Your instructions: Your reply should reproduce all the data below exactly while excluding the pictures.

Collected data:
+ + + +

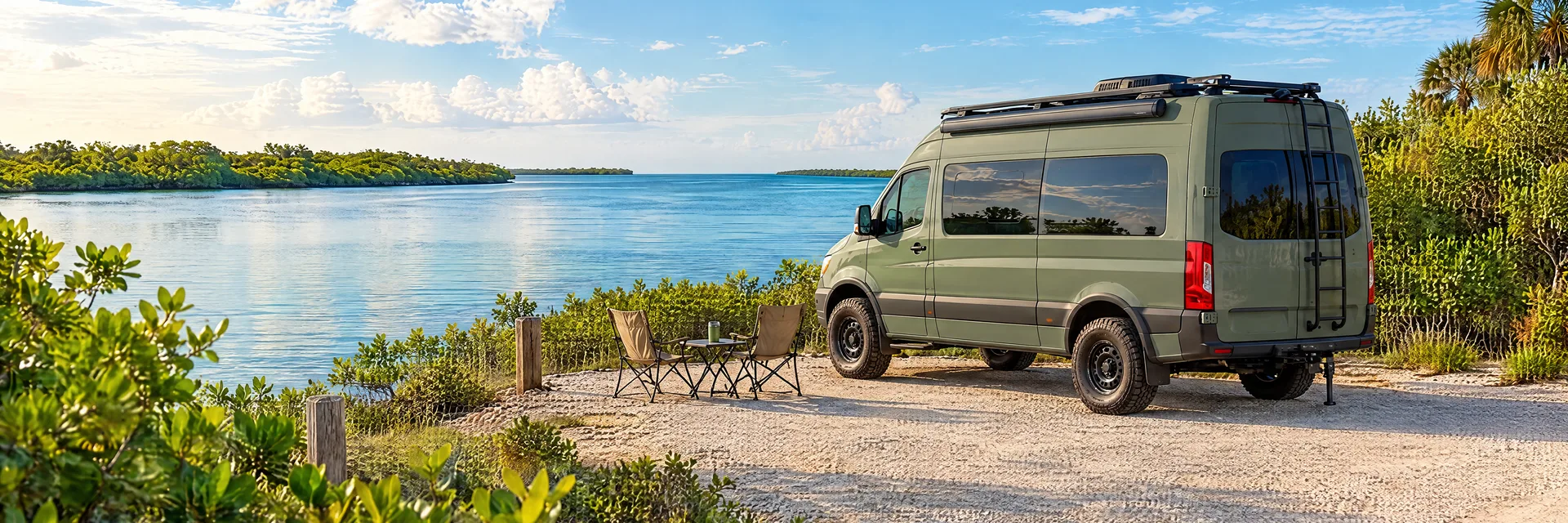 Illustration of a sage-green modern campervan at a fictional camping setting inspired by Bradenton, FL.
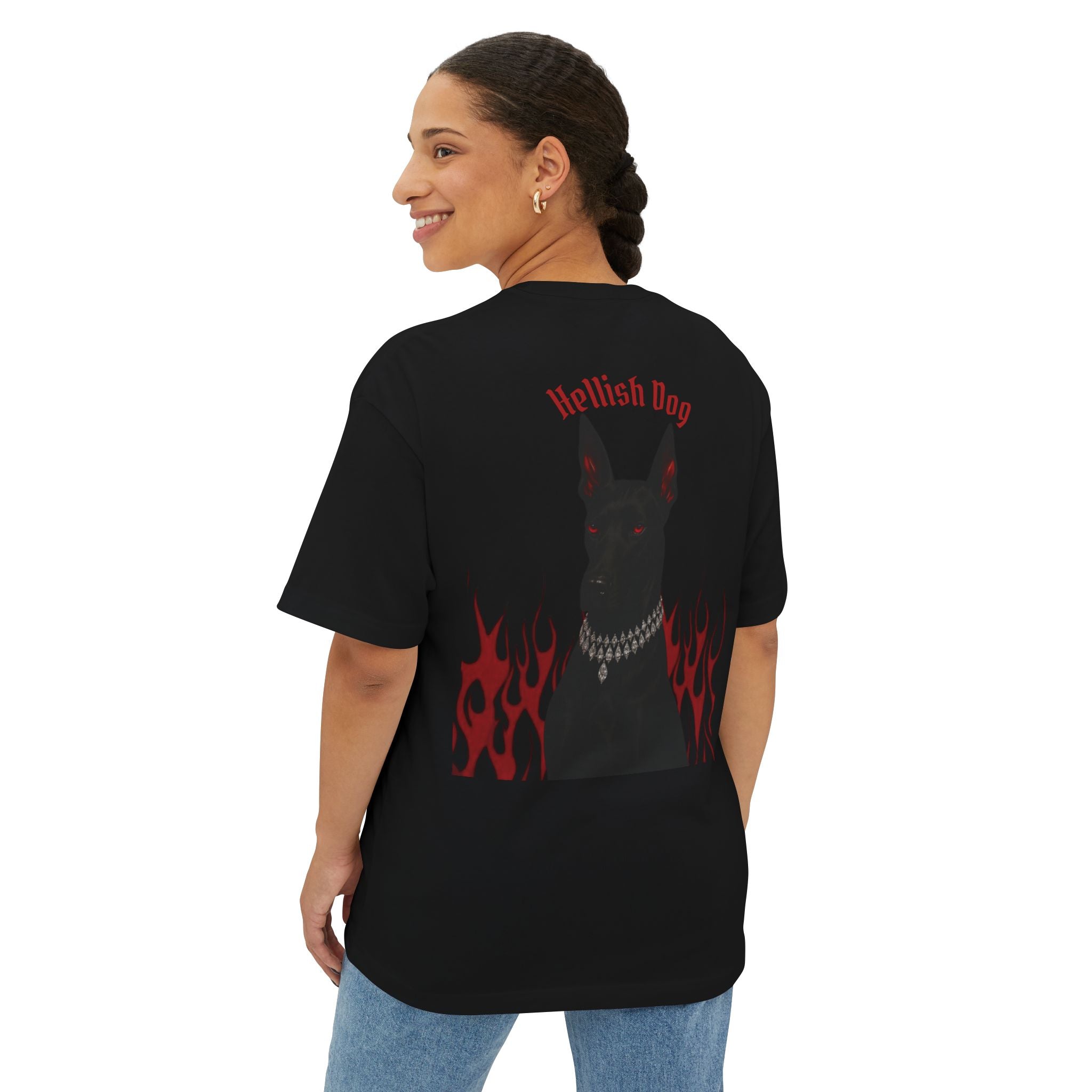 Boxy Tee — "Hellish Dog" Graphic T‑Shirt with Doberman & Flames
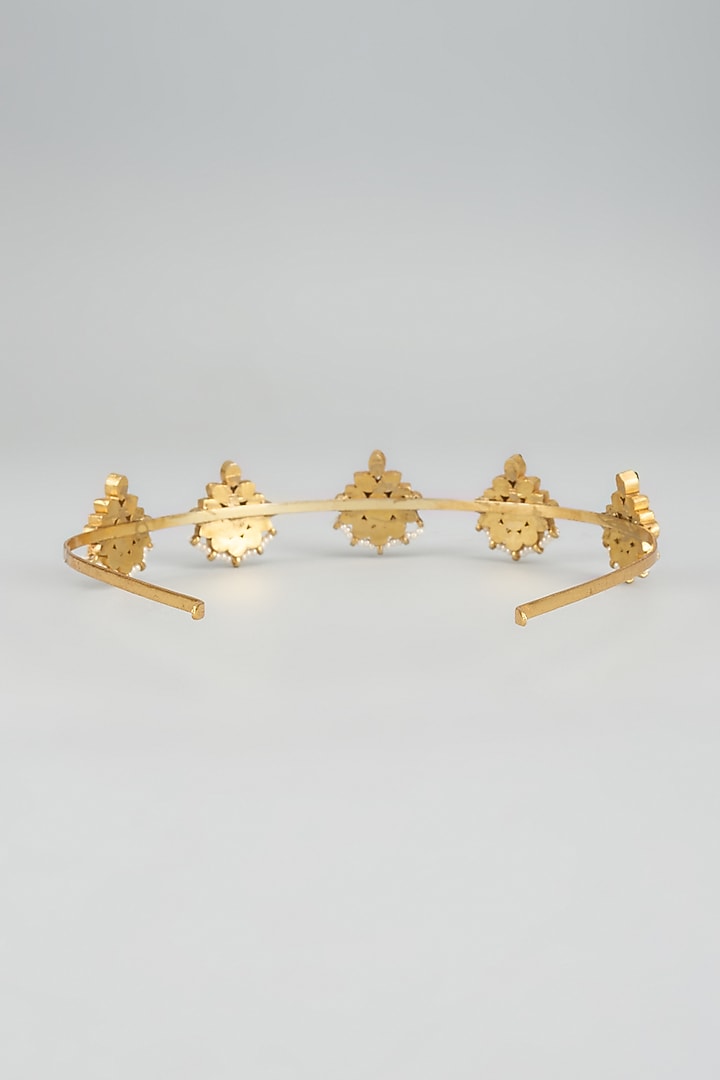 Gold Finish Kundan Polki Hairband by Adityam Jewels at Pernia's Pop Up Shop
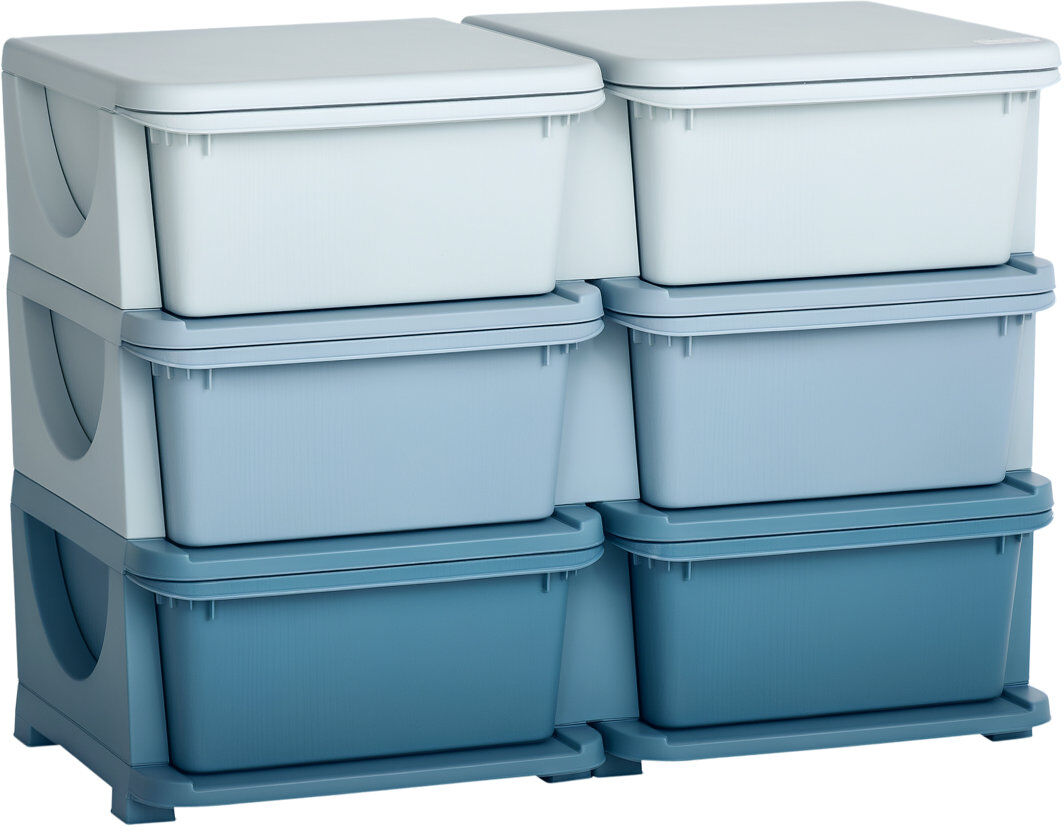 Zoomie Kids Bendet 6 Drawers Plastic Kids Storage Units 3 Tier Children Toy Chest Blue 56.5cm H X 75cm W X 37cm D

+ + + +

Result of the exercise:
 Illustration of a sage-green modern campervan at a fictional camping setting inspired by Bradenton, FL.
 Boxy Tee — "Hellish Dog" Graphic T‑Shirt with Doberman & Flames
 Gold Finish Kundan Polki Hairband by Adityam Jewels at Pernia's Pop Up Shop
 Zoomie Kids Bendet 6 Drawers Plastic Kids Storage Units 3 Tier Children Toy Chest Blue 56.5cm H X 75cm W X 37cm D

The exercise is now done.